If there is one thing chart patterns are known for, it’s their uncanny ability to help technical analysts in their quest to maximize profits while minimizing risk. If there’s one thing they’re not known for; it’s their ability to come up with creative descriptors for their patterns. The triple tops and bottoms pattern is a perfect example of this lack of moniker-driven forethought. However, what the chart pattern lacks in name-based creativity, it more than makes up for in overall effectiveness.
The Patterns at a Glance
Triple tops and triple bottoms are both reversal patterns formed when a security tries to move past a key level of resistance or support that coincides with the direction of the prevailing trend. The pattern that is created is representative of the market’s attempt to shift a stock in a particular direction. After three failed attempts – which is where the peaks or bottoms come from – the investors behind the push punt and the opposing group takes over the stock. In the event of a triple top, the buyers give up, and the sellers take over. In the event of a triple bottom, the opposite is true. As such, the triple top is considered to be a bearish reversal pattern, whereas a triple bottom is considered to be a bullish one.
Triple Top Patterns
In the event of a triple top pattern, it is formed when an upward trending security tests a similar level of resistance three times without successfully breaking through the trendline. Every time it tests the resistance level, it drops to a similar degree of support. The pattern completes itself once the security falls through the support. When this happens, the price is then expected to move toward a downward trend.

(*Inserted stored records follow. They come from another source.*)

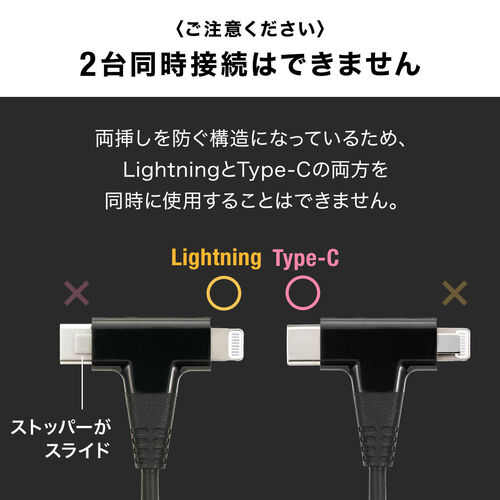 USB Type-C Lightning 2in1 USBケーブル（1.2m・USB PD60W対応・データ転送・MFi認証品・iPad（第10世代）・iPhone15/14対応・ブラック）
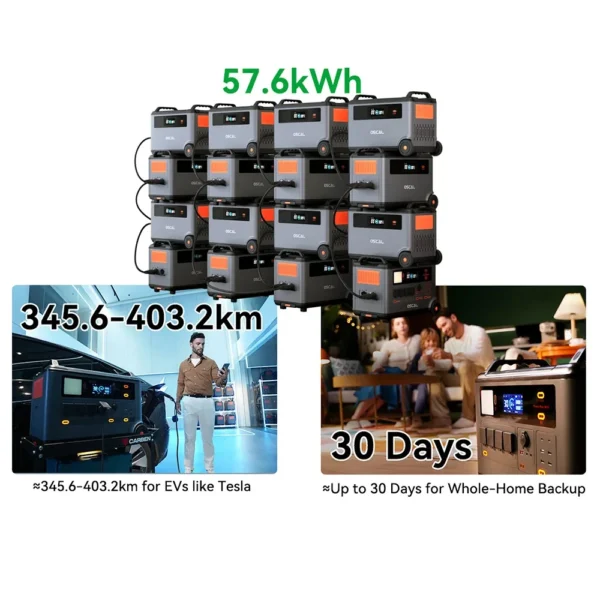 Blackview Oscal BP3600 Portable Battery 3600Wh Extra Battery Pack PowerMax 3600 Camping Battery Rechargeable Power Station - Pilt 5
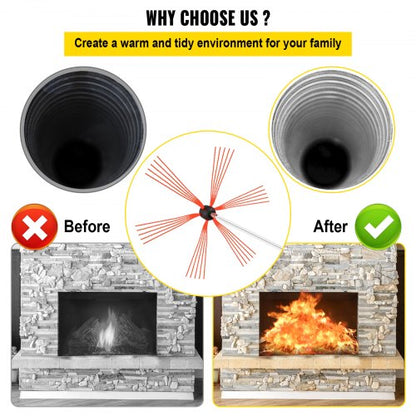 Chimney Sweep Kit Length Chimney Brush Kit With Nylon Flexible Rods  Rotary Cleaning System For Fir 6
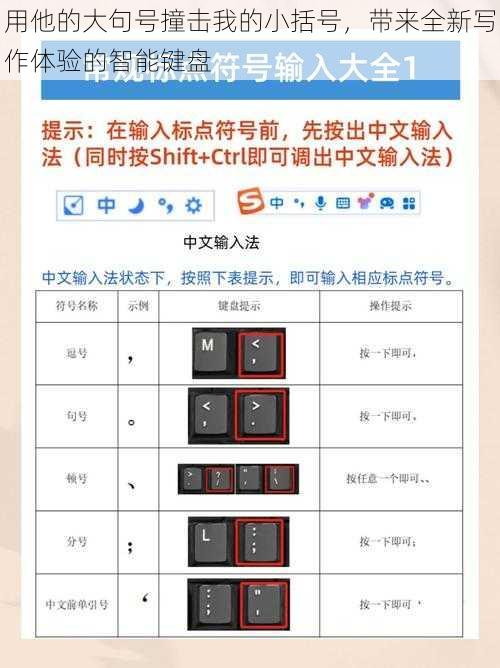 用他的大句号撞击我的小括号，带来全新写作体验的智能键盘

The first step that ultimately gets the pattern rolling is the formation of a new high in an uptrend that is delayed due to selling pressure. This delay causes a level of resistance to form. The selling pressure then causes the price to drop until it finds a support level, which is created by buyers moving back into the stock. The buying causes the stock price to surge back up to the area of resistance the market it previously saw. When it gets to the level, the sellers take over and knock the stock back to its support level. This see-saw battle repeats itself for the third time but ends when the buyers throw in the towel against the security. This allows the sellers to rule the stock, and this causes a breakthrough past the support level. When this happens, the stock is expected to trend downward.
Triple Bottom Patterns
As one may guess, triple bottom patterns act as a mirror image of sorts about triple top patterns. The difference is that all of the metrics that define the triple top pattern are flipped. There is a give-and-take between a stock’s buyers and sellers that last three rounds, but in this case, the sellers are the ones that throw in the towel and the buyers take over the stock. This takeover allows the stock to break through the level of resistance and moves the trade to an upward trend.

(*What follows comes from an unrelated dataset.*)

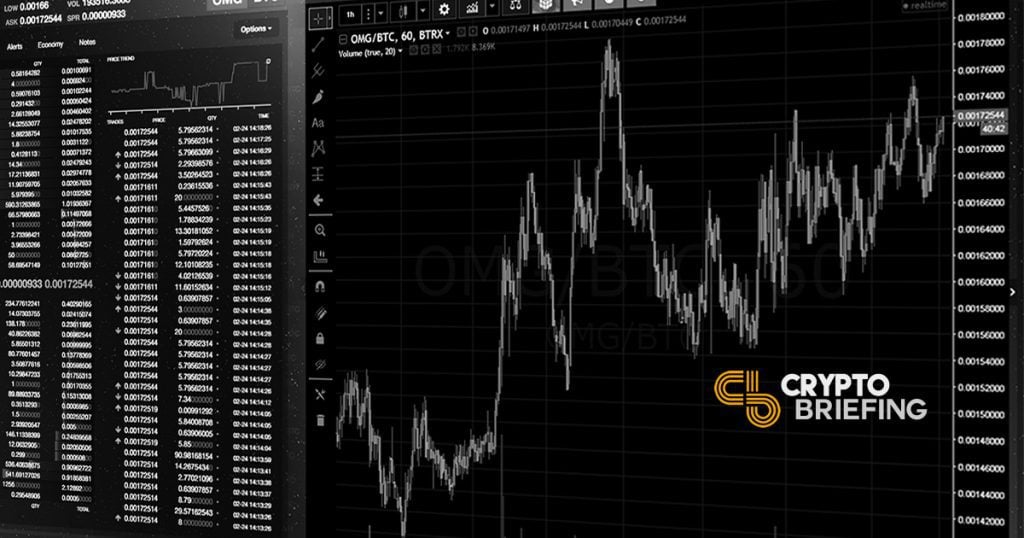 Cryptocurrency Charting & Price Tracking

The Difficulty of Spotting the Pattern
It may be easy to spot a triple top or triple bottom pattern after the fact. It can be tough to spot in the early stages of its formation. The reason for this is because it looks very similar to a double top pattern in its early stages. Because of this, the investor may end up reading the chart and plotting strategies around the chart incorrectly.
The one rule of thumb to help mitigate this error from an investor’s standpoint is to wait to enter the stock until after it most past the resistance level. If not, the stock could just end up being range-bound, where it could be stuck for quite a bit of time. In other words, patience is the key here.

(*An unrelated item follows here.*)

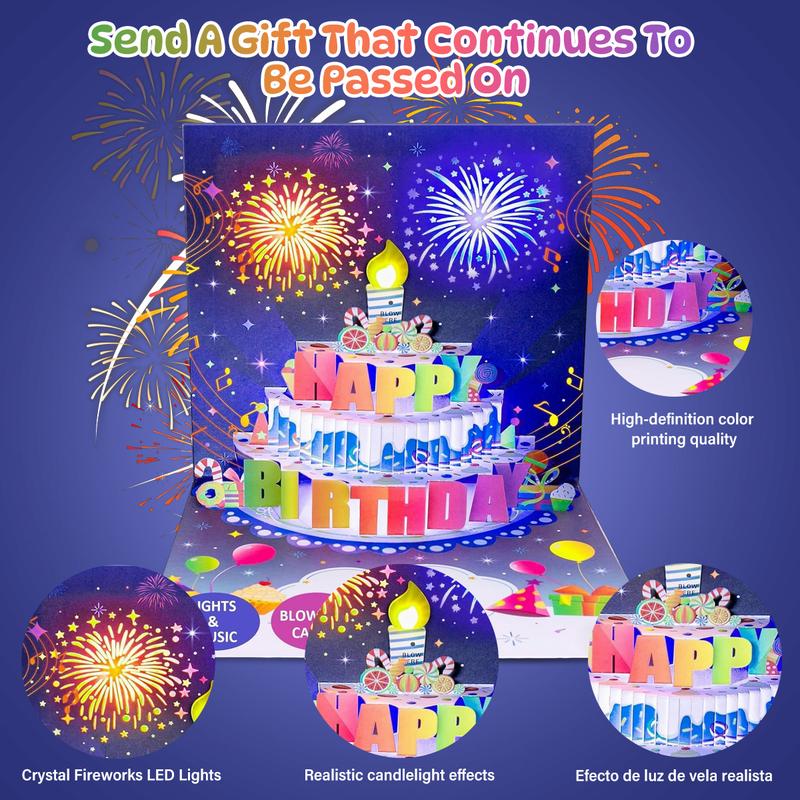 LED Light & Music 3D Pop-Up Birthday Card – Blowable Candle Interactive Greeting for Women, Men, Kids & All Occasions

What is the Purpose Behind These Patterns?
The big significance behind the triple top and triple bottom formations is that an established trend has landed on a major section of either support or resistance, which ultimately stops the trend’s capacity to move forward. This indicates that the pressure from either buying or selling – the very thing that’s propping up the trend in the first place – is starting to weaken. It also serves as a signal to the investor that the other side of the investment coin is starting to gain momentum.
In other words, both chart patterns signify a shift in the stock’s supply and demand as well as the balance between those that want to buy a stock and those that want to sell a stock. When the reversal signal is formed in a triple top chart, for instance, there’s a shift away from buyers trying to push the stock past the line of resistance to sellers intent on moving the stock downward. When the reversal signal is formed in a triple bottom chart, the shift pulls from the sellers that want to drive the stock past the line of support and favors buyers that want to push the stock to an upward trend.
Using Triple Top and Triple Bottom Patterns Wisely
As is the case with all chart patterns, triple top, and triple bottom patterns can be great ways to pick out potential trends, but they aren’t pure indicators of guaranteed gains. The market is not without its odd quirks, and these quirks can turn something that looks like a sure-fire moneymaker into a money pit that can catch not-so-savvy investors off-guard. Therefore, technical analysts that are intent on using triple top and triple bottom patterns as an investment tool would be wise to use them with this caution-fueled provision in mind.
With that being said, these dual patterns can provide a tremendous measure of insight for technical analysts as they seek to up the chances of turning a profit while simultaneously lowering the chances of risk. In other words, these charts and their predictive nature give investors the chance to invest their funds in a much wiser, more thoughtful manner.